Web page caption snippets
>>>>

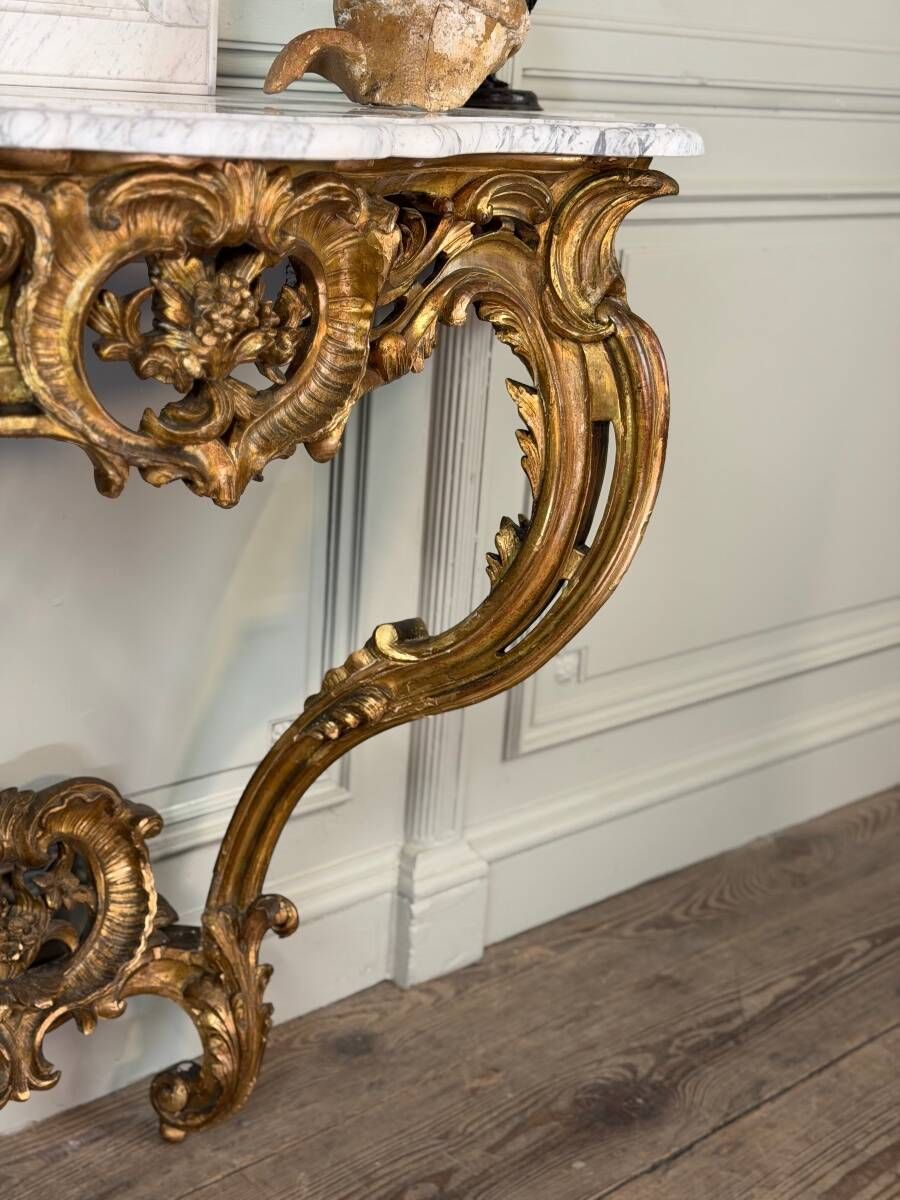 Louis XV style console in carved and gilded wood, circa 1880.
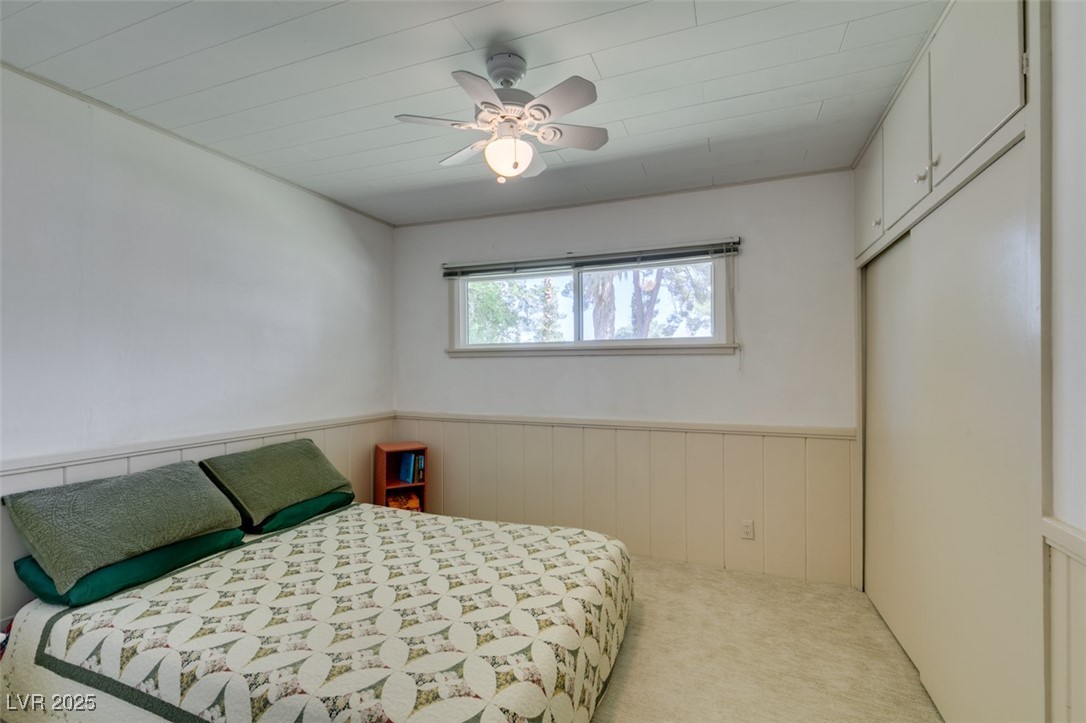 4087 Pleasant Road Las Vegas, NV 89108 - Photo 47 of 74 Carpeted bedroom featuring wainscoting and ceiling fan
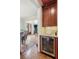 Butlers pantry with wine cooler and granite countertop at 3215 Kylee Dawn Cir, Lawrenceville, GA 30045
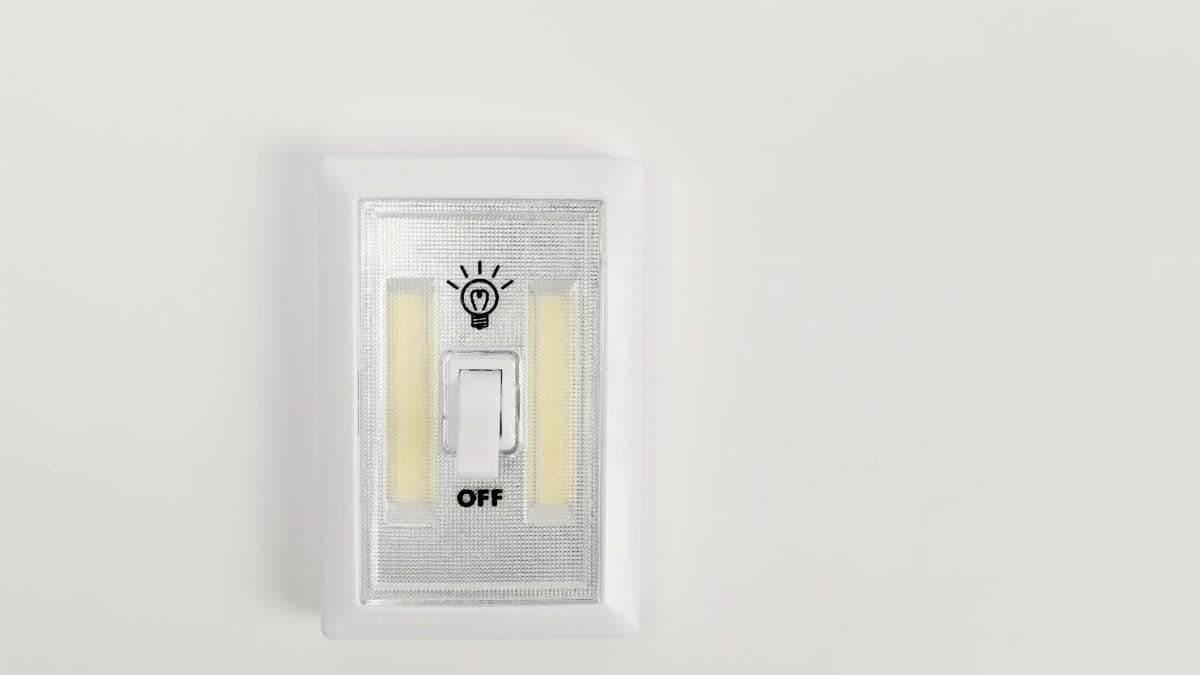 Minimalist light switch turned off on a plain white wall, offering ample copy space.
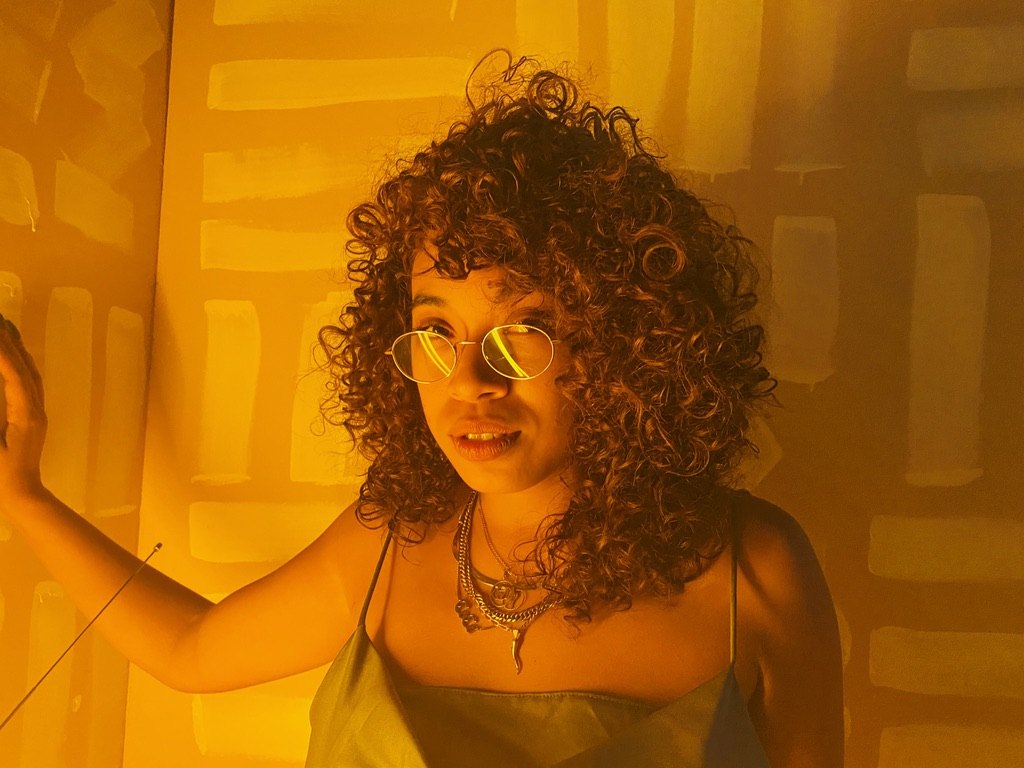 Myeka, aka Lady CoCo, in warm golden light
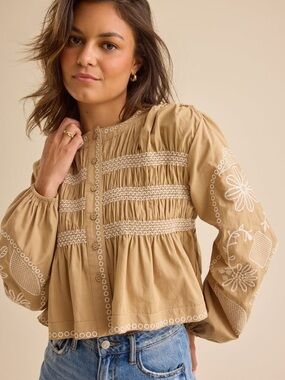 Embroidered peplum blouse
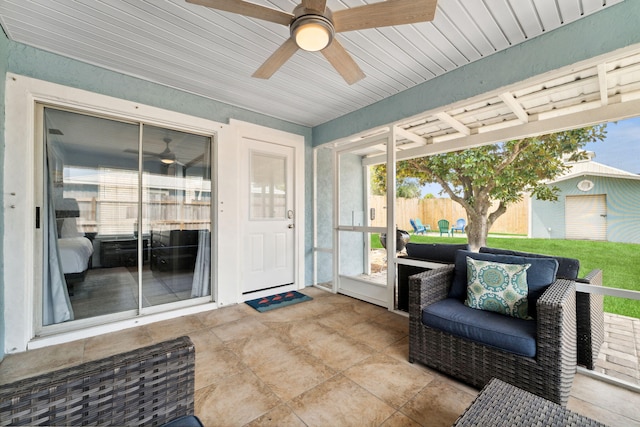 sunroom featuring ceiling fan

<<<<

Please copy the data shown above precisely, leaving the images out.

▶ _Answer to this task_
 Louis XV style console in carved and gilded wood, circa 1880.
 4087 Pleasant Road Las Vegas, NV 89108 - Photo 47 of 74 Carpeted bedroom featuring wainscoting and ceiling fan
 Butlers pantry with wine cooler and granite countertop at 3215 Kylee Dawn Cir, Lawrenceville, GA 30045
 Minimalist light switch turned off on a plain white wall, offering ample copy space.
 Myeka, aka Lady CoCo, in warm golden light
 Embroidered peplum blouse
 sunroom featuring ceiling fan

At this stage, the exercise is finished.